The tribunal said it found the former militia commander guilty in two of the five charges brought against him.

64-year-old Hossain, clad in a white dress, was handed death for the killing of 33 civilians at his home district in central Brahmanbaria district on August 22, 1971.
 

Hossain was sentenced to life imprisonment in another charge of killing while the prosecution brought against him the charges of murder, abduction, confinement, torture and looting homes of their valuables.

He was the commander of the local unit of Razakar, a dreaded militia force comprising Bengali-speaking collaborators which Pakistanis formed as their auxiliary troops in 1971.

Hossain was associated with fundamentalist Jamaat-e- Islami, which was opposed to Bangladesh's independence.

After the defeat of Pakistan, he managed to join Awami League, which led the liberation war.

So far, Hossain is the only Awami League leader to face trial for war crimes.

The party expelled him two years ago when his role in 1971 resurfaced after tribunal initiated the process for the trial of the war criminals.

Ahead of his expulsion, Hossain served as the Awami League organising secretary of a union parishad, the lowest administrative tier at grassroots, for 16 years until 2012.

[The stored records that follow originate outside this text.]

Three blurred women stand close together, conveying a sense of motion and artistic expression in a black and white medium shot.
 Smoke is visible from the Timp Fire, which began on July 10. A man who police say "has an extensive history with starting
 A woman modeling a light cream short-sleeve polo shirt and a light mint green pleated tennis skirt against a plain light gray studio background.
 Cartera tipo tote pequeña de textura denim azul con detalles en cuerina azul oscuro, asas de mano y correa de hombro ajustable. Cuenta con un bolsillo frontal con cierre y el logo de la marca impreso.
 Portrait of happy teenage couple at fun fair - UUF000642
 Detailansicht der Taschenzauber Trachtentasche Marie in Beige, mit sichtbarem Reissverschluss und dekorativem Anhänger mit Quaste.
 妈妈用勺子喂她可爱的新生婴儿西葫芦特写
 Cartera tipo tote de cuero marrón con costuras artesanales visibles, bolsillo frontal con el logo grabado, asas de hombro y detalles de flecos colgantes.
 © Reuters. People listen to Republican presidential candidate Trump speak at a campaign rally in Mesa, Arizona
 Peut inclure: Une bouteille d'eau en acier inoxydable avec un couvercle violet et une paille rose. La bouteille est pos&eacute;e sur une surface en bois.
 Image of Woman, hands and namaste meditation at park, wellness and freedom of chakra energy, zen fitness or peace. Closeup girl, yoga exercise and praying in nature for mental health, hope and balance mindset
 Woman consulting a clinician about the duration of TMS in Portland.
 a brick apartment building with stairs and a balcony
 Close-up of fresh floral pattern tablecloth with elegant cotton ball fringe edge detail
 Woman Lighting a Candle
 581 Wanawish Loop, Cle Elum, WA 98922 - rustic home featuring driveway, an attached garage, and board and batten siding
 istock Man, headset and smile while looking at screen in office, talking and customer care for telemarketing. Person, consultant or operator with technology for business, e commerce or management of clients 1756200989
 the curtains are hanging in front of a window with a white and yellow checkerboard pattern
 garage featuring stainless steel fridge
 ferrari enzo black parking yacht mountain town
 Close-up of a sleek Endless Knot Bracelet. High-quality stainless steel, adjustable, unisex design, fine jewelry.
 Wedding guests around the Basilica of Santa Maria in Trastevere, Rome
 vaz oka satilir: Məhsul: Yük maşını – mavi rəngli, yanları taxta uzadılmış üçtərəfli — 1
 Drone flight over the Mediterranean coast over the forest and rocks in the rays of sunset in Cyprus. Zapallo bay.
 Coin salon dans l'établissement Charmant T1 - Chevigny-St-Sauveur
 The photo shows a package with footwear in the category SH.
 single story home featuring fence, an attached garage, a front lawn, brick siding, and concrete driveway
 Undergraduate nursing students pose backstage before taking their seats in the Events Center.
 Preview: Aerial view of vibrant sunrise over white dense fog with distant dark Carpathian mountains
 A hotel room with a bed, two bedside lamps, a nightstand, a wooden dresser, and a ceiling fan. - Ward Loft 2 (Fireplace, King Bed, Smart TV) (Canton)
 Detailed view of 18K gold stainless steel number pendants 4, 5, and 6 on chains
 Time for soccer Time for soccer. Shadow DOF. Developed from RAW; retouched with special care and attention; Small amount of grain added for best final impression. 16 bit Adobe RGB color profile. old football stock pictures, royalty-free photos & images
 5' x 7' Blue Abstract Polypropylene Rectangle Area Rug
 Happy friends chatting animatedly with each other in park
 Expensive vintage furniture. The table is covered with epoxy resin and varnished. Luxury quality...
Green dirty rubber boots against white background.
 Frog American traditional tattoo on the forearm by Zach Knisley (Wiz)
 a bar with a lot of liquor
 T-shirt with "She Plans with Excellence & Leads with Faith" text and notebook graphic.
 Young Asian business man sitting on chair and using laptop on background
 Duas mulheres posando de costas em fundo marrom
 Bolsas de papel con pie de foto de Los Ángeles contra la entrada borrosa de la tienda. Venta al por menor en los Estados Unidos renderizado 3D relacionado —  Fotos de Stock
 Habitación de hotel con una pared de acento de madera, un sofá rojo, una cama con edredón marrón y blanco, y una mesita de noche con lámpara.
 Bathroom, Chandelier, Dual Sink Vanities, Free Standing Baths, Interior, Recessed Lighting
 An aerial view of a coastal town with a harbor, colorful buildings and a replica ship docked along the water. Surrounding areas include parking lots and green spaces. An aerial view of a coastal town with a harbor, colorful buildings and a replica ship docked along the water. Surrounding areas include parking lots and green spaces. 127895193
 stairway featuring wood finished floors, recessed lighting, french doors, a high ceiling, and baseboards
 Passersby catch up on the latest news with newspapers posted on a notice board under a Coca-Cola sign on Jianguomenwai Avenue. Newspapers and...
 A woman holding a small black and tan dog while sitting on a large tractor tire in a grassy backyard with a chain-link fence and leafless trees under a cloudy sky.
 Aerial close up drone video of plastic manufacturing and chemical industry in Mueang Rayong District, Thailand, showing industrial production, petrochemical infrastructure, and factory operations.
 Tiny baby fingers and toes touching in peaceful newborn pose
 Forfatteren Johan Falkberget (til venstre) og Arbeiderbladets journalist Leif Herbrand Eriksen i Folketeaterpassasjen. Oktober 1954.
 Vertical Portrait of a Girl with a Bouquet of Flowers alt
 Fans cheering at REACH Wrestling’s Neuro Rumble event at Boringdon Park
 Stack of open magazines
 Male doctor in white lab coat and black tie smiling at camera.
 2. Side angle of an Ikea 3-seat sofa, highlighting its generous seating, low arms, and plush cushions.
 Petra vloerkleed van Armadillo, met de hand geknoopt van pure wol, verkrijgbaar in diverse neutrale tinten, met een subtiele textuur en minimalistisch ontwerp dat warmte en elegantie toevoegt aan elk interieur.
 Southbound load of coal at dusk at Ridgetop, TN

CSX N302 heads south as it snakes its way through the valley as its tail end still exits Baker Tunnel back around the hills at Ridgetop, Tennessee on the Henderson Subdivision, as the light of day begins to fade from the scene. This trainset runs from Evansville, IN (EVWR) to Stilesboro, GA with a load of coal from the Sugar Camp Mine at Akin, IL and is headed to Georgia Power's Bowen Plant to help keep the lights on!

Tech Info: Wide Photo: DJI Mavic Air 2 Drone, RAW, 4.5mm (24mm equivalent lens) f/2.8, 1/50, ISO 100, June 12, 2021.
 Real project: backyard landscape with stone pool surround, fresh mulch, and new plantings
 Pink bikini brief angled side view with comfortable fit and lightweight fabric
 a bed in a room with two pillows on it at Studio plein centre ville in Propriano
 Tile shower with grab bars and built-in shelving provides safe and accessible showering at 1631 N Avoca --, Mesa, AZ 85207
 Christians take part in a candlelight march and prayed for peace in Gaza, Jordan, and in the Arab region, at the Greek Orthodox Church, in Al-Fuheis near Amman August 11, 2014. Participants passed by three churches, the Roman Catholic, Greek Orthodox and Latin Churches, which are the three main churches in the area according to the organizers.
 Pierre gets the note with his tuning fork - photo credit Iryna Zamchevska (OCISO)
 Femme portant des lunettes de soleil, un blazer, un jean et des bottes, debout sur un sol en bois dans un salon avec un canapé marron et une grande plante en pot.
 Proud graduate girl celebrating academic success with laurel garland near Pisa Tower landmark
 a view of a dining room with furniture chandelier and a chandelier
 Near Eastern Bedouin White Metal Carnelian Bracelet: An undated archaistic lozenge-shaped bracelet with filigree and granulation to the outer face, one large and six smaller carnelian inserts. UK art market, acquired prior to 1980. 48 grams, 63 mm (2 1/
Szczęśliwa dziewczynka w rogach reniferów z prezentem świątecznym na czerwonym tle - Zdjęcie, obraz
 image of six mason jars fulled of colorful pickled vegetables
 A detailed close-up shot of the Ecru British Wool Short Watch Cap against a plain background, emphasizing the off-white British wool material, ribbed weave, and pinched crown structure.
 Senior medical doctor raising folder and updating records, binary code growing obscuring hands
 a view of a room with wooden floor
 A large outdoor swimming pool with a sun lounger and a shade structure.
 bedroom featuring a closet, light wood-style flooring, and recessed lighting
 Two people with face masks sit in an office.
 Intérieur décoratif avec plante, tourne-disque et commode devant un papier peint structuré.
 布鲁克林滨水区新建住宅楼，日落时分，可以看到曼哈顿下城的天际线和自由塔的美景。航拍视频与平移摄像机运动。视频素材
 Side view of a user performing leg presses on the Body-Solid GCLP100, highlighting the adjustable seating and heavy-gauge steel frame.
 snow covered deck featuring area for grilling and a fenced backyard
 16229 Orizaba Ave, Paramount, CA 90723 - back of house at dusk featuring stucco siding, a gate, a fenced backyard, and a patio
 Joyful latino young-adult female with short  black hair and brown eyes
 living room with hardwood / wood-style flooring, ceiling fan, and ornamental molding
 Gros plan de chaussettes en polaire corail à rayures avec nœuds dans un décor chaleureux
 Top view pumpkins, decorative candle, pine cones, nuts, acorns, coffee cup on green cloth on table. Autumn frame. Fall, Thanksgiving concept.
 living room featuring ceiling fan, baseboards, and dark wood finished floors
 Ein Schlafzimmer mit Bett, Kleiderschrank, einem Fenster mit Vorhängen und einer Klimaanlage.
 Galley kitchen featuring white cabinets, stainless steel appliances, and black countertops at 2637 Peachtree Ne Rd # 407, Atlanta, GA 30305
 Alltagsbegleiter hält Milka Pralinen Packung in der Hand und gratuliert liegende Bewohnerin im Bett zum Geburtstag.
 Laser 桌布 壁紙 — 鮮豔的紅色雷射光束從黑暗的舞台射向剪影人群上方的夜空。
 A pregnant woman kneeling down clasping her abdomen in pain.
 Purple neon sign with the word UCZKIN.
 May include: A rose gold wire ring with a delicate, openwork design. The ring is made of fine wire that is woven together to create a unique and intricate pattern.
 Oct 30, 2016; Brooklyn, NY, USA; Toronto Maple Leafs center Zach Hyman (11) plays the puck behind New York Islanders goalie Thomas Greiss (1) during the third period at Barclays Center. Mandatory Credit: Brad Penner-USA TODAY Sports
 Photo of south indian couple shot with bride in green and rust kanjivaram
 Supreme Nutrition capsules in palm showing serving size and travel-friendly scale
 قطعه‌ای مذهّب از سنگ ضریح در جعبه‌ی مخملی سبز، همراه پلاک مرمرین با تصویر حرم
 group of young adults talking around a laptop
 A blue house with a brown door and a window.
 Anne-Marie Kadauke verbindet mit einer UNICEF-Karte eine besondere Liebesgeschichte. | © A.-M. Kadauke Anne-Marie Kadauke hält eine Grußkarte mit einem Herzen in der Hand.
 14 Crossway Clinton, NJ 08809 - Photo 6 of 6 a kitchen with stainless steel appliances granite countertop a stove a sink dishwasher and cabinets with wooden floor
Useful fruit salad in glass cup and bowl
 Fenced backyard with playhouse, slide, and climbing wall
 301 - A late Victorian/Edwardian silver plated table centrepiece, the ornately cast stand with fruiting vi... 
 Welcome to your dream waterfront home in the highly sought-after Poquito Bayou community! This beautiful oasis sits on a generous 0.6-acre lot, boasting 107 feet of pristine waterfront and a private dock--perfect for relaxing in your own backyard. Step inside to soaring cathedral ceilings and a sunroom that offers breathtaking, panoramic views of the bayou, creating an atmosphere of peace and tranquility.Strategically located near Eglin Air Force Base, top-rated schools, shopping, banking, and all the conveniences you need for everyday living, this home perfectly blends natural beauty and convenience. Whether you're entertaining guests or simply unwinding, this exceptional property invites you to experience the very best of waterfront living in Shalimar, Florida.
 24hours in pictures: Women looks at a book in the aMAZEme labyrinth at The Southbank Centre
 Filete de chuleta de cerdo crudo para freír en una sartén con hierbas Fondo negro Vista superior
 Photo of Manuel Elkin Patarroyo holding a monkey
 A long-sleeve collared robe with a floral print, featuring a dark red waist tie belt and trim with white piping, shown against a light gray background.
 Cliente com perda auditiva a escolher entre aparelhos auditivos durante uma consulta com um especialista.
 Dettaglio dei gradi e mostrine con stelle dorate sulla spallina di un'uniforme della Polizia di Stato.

The death penalty to the militia commander was celebrated at Shahbagh by supporters of the pro-democracy Ganajagaran Mancha.

Today's verdict came two weeks after the same tribunal sentenced to death a fugitive leader of Bangladesh Nationalist Party, Zahid Hossain Khokon, for 1971 crimes against humanity.

Khokon too was a local Jamaat leader in 1971 and later joined BNP and subsequently became the mayor of his hometown of southwestern Nagarkanda.

Since Bangladesh launched the war crimes trial, the two special tribunals, set up by Prime Minister Sheikh Hasina's secular government in 2010, have handed down death penalties to 10 people and sentenced two others to life imprisonment until their death.

Only one of them, Jamaat's joint secretary general Abdul Quader Mollah so far was executed while two of the convicts were now living in the US and Britain and the other cases were pending before the Supreme Court for review.